In China, drug use remains relatively uncontrolled, in spite of recent governmental efforts to the contrary. I’ve personally witnessed use of products not approved for animal administration in the US and use of products of unknown potency with unknown purity, etc.
In the case of clenbuterol, this is a beta-agonist compound that results in high rates of lean deposition and less fat deposition in both ruminants and pigs. In the US the product is banned due to concerns over possible carcinogens related to the metabolism of the compound.
However, in China it is available on the black-market and is locally known as ‘grow-powder’ which makes pigs grow faster when sprinkled on the feed. Of course, when sprinkled on the feed the level of compound added to the diet is uncontrolled, and most likely much higher than would ever be fed even if the compound were an approved product.
Situations like this serve as a reminder of the very effective food safety net we have in the US. We have the FDA approving products for use in animal diets only after rigorous testing and a lengthy approval process. As a result of the 9-11 disaster, feed mills have much more stringent monitoring and reporting requirements.

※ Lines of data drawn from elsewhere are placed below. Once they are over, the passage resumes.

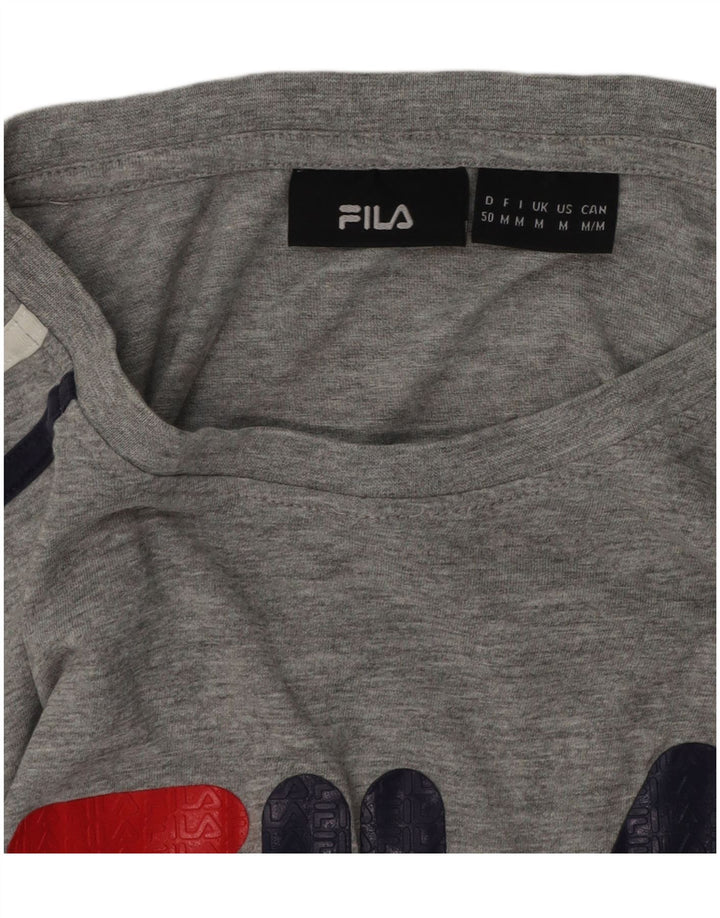 FILA Herren Grafik-T-Shirt-Oberteil aus mittelgrau gesprenkelter Baumwolle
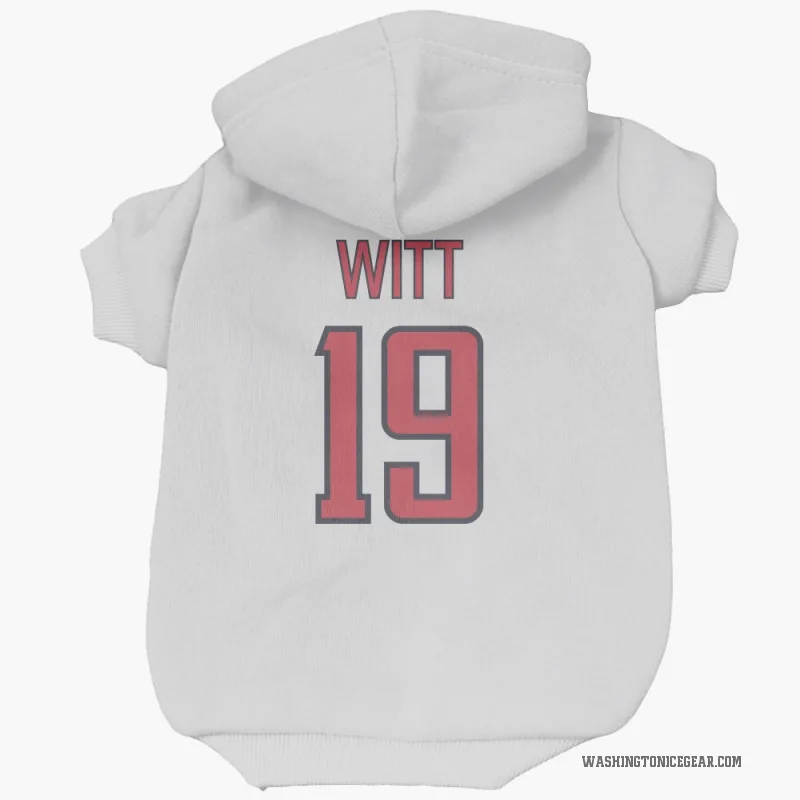Brendan Witt  White Washington Capitals  Cat & Dog Pet Hoodie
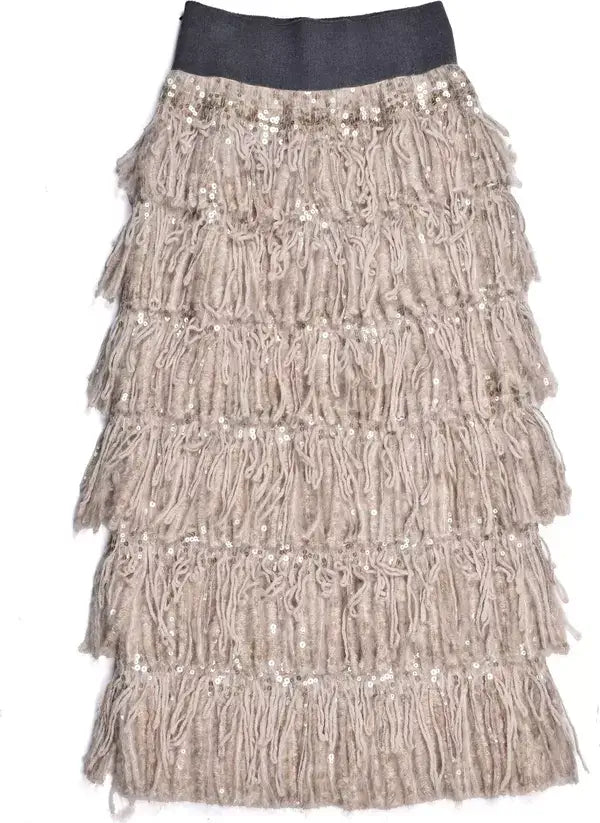 Layered fringe skirt with sequins on a white background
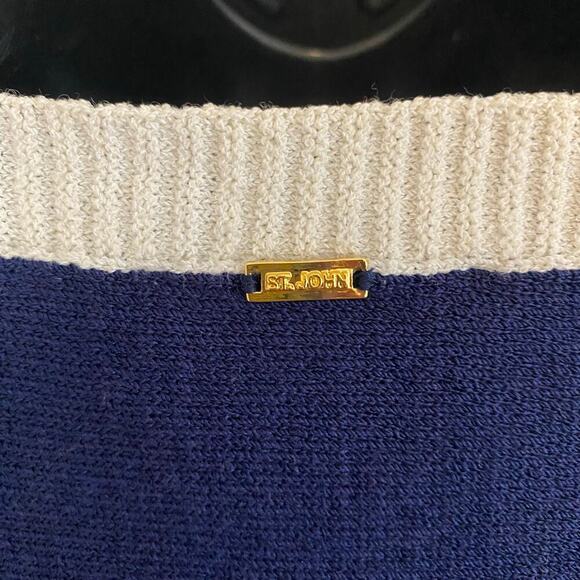 St. John Sport Boatneck Wool Blend Dress Size Medium Old Money Classic Coastal - Picture 4 of 6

In addition USDA randomly tests carcasses for residues. I’m sure several readers of this blog have been involved in the false positive aspects of this testing where they are have been tasked to prove a zero possibility of residue for the drug tested before more pigs from the facility are allowed to enter the food chain. In the case of USDA, they err on the side of caution with residue testing, preferring to have many false positives to track down rather than letting one positive carcass enter the food chain.